* _Aim of the task_
The lines to extract run from the first line of the entries through the line that contains "Jones Wear Women's"; reproduce exactly those lines and no others.

* _Recorded data_
★ ★ ★ ★ ★ ★ ★

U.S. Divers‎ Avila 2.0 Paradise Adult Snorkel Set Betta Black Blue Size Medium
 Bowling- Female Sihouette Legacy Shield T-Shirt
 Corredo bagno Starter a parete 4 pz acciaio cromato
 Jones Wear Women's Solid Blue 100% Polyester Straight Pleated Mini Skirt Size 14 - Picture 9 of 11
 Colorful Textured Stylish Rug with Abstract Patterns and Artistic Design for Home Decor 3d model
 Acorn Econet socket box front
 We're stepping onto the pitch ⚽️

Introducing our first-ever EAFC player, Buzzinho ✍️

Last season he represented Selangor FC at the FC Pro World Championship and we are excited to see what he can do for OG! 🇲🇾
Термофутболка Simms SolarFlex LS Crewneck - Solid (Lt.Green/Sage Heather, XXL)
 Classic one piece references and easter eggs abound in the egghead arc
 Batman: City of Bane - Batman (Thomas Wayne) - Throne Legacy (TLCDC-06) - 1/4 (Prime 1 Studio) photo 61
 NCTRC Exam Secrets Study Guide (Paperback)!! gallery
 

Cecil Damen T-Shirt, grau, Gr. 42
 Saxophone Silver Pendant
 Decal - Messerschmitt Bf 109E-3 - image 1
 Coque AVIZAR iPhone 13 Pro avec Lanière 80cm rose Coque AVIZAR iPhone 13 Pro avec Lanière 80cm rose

★ ★ ★ ★ ★ ★ ★

* _Response_
U.S. Divers‎ Avila 2.0 Paradise Adult Snorkel Set Betta Black Blue Size Medium
 Bowling- Female Sihouette Legacy Shield T-Shirt
 Corredo bagno Starter a parete 4 pz acciaio cromato
 Jones Wear Women's Solid Blue 100% Polyester Straight Pleated Mini Skirt Size 14 - Picture 9 of 11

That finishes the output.